Creating a Current User Property in Ember

I recently used the Ember Simple Auth library to build user authorization into an Ember app with a Rails API back-end for the first time. Once I had it up and running, and a user could successfully log in, my next logical step was to implement a "current user" feature. I wanted Ember to be able to communicate to the current user, by, for example, greeting them my name in the nav bar. This is fairly easy to implement in Rails, and I assumed it would be easy to do in Ember as well.

I was wrong. Setting a "current user" property in my Ember app so that Ember could hold on to a conception of who the current user was and greet that user in every page proved to be an interesting challenge (this is an understatement, in case you couldn't tell).
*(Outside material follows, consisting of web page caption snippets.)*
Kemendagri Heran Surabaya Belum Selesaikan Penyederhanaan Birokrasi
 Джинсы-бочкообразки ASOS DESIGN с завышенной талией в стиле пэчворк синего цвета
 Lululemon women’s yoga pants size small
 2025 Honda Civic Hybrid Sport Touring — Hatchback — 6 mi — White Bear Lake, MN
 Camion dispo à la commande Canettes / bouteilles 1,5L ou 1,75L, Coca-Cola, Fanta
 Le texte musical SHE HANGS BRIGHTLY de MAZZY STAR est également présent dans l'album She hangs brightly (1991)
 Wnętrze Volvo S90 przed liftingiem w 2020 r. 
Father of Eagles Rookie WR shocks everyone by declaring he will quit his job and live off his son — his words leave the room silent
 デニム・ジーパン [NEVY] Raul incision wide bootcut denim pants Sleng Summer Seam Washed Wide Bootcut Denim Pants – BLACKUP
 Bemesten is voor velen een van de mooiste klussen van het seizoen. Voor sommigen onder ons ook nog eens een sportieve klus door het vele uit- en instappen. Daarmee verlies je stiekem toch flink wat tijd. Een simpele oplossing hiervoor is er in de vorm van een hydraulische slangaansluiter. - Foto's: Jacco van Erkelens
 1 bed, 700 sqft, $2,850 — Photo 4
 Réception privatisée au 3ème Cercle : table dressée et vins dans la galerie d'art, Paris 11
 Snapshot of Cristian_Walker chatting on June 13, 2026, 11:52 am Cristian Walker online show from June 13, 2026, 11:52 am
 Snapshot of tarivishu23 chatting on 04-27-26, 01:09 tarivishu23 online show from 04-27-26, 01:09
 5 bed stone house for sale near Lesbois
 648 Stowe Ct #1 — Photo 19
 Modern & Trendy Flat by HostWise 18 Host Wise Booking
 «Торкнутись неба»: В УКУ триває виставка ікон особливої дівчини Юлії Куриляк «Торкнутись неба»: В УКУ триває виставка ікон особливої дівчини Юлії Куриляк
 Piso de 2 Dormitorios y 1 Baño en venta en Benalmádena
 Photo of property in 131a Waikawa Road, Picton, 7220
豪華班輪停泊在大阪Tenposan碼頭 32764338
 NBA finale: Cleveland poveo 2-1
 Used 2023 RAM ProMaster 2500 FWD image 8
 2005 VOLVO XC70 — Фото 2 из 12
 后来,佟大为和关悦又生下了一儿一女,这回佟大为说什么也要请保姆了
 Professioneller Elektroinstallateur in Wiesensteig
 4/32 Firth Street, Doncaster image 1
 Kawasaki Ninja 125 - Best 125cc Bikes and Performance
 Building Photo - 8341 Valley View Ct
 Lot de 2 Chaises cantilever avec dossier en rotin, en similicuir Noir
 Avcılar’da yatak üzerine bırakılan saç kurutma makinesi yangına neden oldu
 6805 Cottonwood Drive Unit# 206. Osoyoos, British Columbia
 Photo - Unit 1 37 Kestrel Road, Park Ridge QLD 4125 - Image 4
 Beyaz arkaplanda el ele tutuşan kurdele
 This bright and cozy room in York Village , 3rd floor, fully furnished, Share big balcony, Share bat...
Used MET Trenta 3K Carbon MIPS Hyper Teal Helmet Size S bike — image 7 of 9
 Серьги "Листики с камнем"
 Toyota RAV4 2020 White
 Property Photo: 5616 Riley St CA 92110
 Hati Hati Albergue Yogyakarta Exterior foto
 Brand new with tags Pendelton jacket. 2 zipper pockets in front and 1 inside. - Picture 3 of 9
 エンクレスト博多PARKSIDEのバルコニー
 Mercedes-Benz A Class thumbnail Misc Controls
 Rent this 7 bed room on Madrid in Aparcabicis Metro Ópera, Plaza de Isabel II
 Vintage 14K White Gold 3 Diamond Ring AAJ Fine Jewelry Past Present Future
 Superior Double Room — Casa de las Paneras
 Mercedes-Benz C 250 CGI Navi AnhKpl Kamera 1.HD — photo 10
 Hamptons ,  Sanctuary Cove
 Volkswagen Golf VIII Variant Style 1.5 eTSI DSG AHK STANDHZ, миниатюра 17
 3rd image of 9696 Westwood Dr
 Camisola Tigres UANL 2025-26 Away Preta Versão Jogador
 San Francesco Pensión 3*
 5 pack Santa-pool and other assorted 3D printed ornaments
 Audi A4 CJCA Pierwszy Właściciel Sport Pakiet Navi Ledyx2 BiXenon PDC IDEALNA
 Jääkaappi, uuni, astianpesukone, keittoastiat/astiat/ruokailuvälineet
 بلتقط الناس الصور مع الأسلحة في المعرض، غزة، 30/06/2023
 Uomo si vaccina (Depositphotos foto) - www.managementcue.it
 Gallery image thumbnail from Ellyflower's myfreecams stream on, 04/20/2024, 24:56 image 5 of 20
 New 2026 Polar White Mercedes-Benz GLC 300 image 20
To get this working, I had to do the following:

  1. Upon receiving confirmation from Rails that the user logging in via Ember was successfully authenticated, send another request to Rails to server the data of the current user.
  2. Trigger a closure action (because my login logic was being run from a login-form component) that would set a property on the Application Controller, currentUser, equal to that object.
  3. But wait! When the route transitions to a new page, that currentUser property is persisted, BUT, if the page refreshes, that property is set back to null. So, write an on('init') function in the Application Controller to set the current user by once again requesting the data from Rails and setting it equal to a currentUser property, every time the page reloads.

Okay, let's do it.

Note: This code assumes you have a User model and serializer defined in your Rails API, as well as a User model defined in your Ember application.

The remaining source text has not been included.